Glass artists have some very particular and, literally, inflexible limitations and yet they create these extremely intricate and amazing beads. They do get to work with super clear transparency–a characteristic of their medium that they use to great advantage–which is something that is difficult to achieve in polymer, but their forms and patterns are something that, I think, could be a gold mine of inspiration and a jumping off point for ideas in polymer that go beyond the basic and common beads seen in polymer.

Here are just four examples of the intricacy and beauty in glass bead making today. Starting from top left is a bead created by Leah Nietz, top right is Lisa Fletcher, bottom left is Andrea Guarino, and bottom right is Ikuyo Yamanaka. You can click on each artist’s name to reach their shop or website to look further into what they create. You can also immerse yourself in glass focal beads by putting that very phrase into a Pinterest, Google Images, Etsy, Flickr, or even Instagram.

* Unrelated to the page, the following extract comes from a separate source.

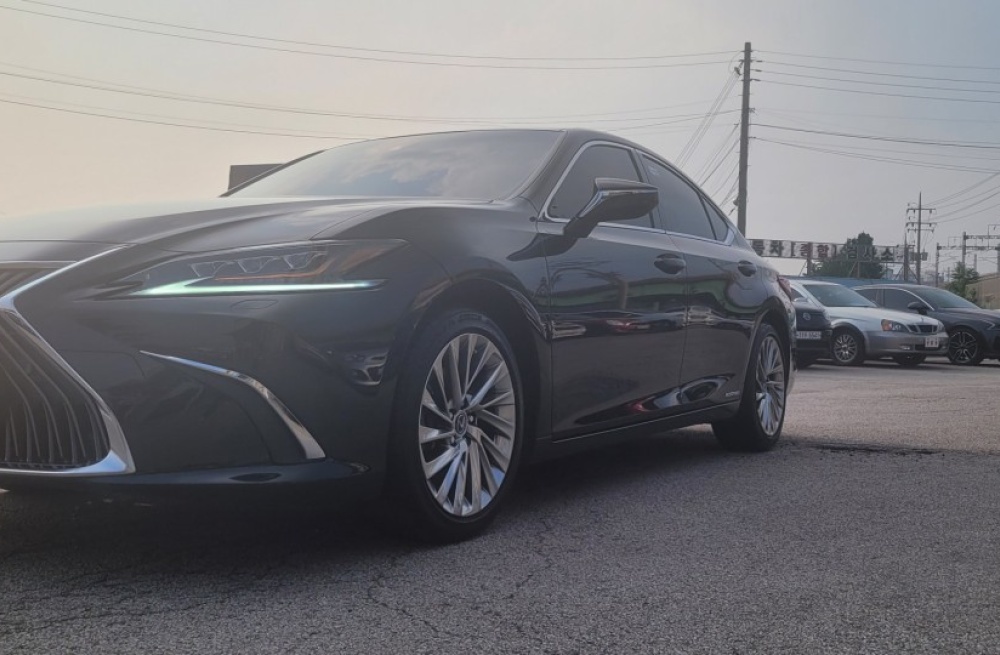 Lexus ES300h 7th generation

Weekly Inspiration Challenge: Choose your favorite image posting service, such as those just listed above, and enjoy the art and inspiration that comes up when you search for “focal beads”. Choose a couple of images and try to determine what you like best about the bead or beads and then figure out how to recreate those characteristics in polymer. Hopefully that leads you to some original and very fulfilling polymer bead explorations.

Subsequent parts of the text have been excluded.